Data entries:
- Opening Delimiter -

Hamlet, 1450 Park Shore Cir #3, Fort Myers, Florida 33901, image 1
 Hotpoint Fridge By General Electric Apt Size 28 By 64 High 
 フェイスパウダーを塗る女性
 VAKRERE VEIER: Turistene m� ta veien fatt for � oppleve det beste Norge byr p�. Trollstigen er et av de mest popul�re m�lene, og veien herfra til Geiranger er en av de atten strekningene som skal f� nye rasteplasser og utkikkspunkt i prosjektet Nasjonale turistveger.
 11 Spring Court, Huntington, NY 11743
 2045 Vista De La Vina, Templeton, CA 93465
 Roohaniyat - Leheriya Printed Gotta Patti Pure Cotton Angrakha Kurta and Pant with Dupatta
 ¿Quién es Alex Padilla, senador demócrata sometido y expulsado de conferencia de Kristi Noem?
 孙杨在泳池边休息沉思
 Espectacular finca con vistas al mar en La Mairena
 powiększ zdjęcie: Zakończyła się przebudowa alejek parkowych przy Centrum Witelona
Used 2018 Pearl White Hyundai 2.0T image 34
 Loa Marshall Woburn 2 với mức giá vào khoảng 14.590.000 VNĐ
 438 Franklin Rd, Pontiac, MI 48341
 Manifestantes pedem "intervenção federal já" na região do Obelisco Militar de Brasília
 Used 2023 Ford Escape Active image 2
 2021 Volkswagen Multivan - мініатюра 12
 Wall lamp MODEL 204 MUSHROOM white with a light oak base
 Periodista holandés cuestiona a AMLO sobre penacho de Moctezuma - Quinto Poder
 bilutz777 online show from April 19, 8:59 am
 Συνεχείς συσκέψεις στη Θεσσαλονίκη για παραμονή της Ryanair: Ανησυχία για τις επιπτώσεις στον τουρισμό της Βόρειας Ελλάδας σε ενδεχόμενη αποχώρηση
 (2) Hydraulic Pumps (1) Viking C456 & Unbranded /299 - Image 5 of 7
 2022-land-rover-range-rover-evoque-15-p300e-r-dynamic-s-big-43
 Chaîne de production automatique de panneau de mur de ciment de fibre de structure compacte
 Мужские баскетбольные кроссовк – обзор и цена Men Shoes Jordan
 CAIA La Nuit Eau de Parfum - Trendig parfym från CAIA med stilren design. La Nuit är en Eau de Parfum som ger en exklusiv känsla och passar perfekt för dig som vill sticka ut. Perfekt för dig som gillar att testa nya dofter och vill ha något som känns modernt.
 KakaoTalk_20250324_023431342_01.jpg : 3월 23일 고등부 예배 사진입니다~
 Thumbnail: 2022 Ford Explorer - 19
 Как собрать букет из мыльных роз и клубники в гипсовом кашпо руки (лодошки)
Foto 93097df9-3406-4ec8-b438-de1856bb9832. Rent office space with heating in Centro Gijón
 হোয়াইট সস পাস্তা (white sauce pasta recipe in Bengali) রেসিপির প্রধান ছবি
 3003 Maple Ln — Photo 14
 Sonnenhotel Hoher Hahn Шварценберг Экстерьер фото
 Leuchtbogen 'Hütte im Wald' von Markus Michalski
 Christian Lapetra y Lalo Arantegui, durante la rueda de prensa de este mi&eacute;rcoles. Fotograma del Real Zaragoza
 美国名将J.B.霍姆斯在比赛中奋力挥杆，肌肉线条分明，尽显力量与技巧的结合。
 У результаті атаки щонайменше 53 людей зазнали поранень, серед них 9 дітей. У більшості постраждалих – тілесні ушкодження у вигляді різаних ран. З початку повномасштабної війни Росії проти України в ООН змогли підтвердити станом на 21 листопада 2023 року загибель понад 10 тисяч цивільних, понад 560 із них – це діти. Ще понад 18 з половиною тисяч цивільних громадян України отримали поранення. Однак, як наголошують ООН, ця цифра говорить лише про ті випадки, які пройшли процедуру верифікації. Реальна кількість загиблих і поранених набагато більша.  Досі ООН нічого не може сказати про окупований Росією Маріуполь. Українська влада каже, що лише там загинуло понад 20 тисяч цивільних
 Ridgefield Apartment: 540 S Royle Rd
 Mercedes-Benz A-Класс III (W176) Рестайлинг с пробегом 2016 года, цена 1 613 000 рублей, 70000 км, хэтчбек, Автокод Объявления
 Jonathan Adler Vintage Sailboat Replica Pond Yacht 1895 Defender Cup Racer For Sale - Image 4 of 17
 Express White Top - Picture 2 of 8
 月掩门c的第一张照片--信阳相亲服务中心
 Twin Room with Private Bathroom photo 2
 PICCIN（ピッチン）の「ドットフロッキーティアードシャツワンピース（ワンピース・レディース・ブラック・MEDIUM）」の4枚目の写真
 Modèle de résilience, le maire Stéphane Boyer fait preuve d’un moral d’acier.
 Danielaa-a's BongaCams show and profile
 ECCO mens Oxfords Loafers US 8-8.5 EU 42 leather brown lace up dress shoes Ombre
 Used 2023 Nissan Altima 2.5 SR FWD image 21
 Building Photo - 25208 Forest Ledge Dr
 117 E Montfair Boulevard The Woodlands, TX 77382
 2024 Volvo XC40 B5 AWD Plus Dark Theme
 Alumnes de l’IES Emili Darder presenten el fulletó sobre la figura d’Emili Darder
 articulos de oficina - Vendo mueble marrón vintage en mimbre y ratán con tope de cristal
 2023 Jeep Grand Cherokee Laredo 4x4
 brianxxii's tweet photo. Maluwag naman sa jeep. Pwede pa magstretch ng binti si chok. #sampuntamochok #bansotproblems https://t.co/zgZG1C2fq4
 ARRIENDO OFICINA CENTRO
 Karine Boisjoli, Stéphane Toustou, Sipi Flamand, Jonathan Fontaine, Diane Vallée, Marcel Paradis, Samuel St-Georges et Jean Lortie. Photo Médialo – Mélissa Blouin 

- Closing Delimiter -

### Try it
In the entries above, find each line that has the word "sobre". Copy it.

### Solution to the problem
 Periodista holandés cuestiona a AMLO sobre penacho de Moctezuma - Quinto Poder
 Alumnes de l’IES Emili Darder presenten el fulletó sobre la figura d’Emili Darder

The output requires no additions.